• [Problem to solve]
Write out, exactly and in full, the line where "Image 2 : (4)" appears together with all lines that follow it in the entries below. Do not include pictures.

• [Data for analysis]
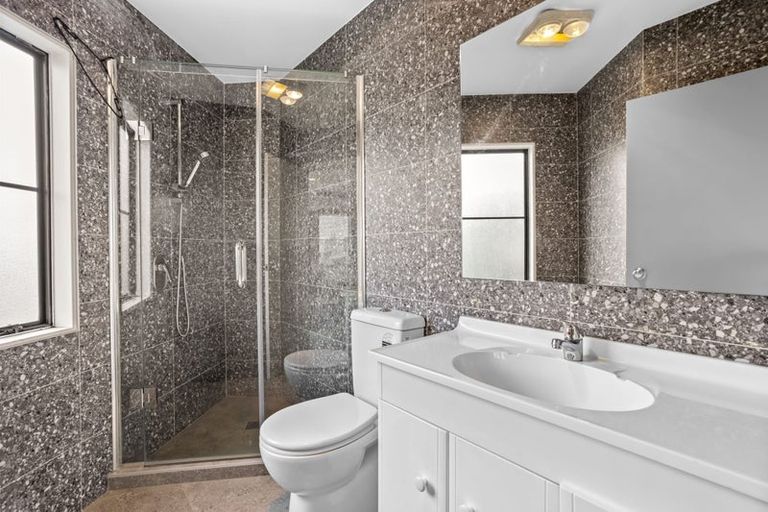 Photo of property in 2/19 Stanley Avenue, Milford, Auckland, 0620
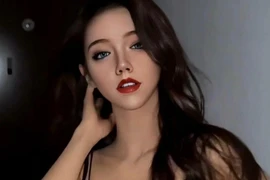 Nữ coser Việt được ví AI sống, khoe body gây bão mạng 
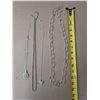 Image 2 : (4) Silver Tone Necklaces Various Lengths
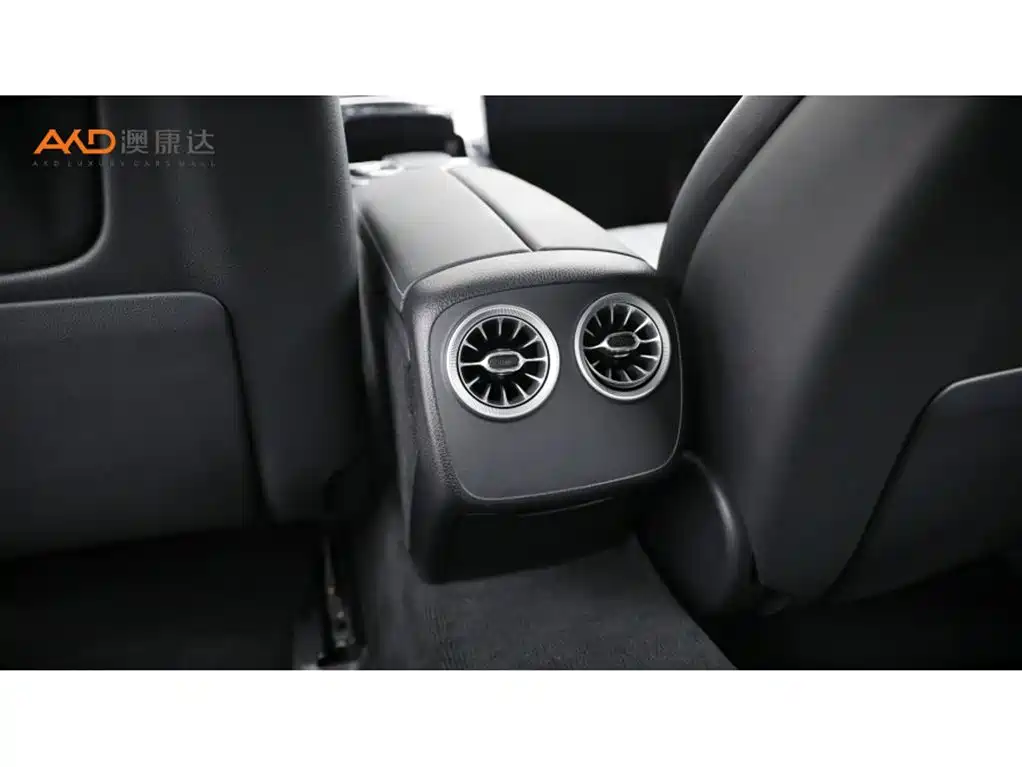 Mercedes-Benz E-Class (Import) — миниатюра 9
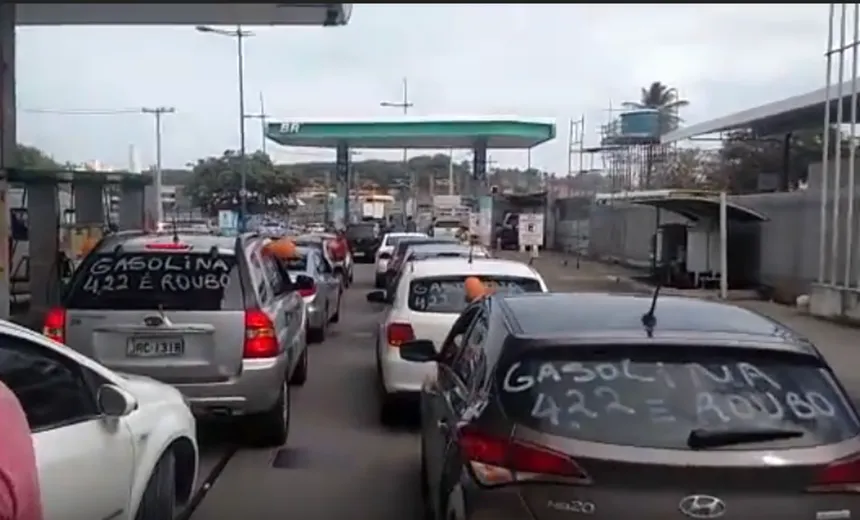 “R$ 4,22 É ROUBO”: Motoristas protestam pelo preço da gasolina em Salvador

• [Exercise result]
 Image 2 : (4) Silver Tone Necklaces Various Lengths
 Mercedes-Benz E-Class (Import) — миниатюра 9
 “R$ 4,22 É ROUBO”: Motoristas protestam pelo preço da gasolina em Salvador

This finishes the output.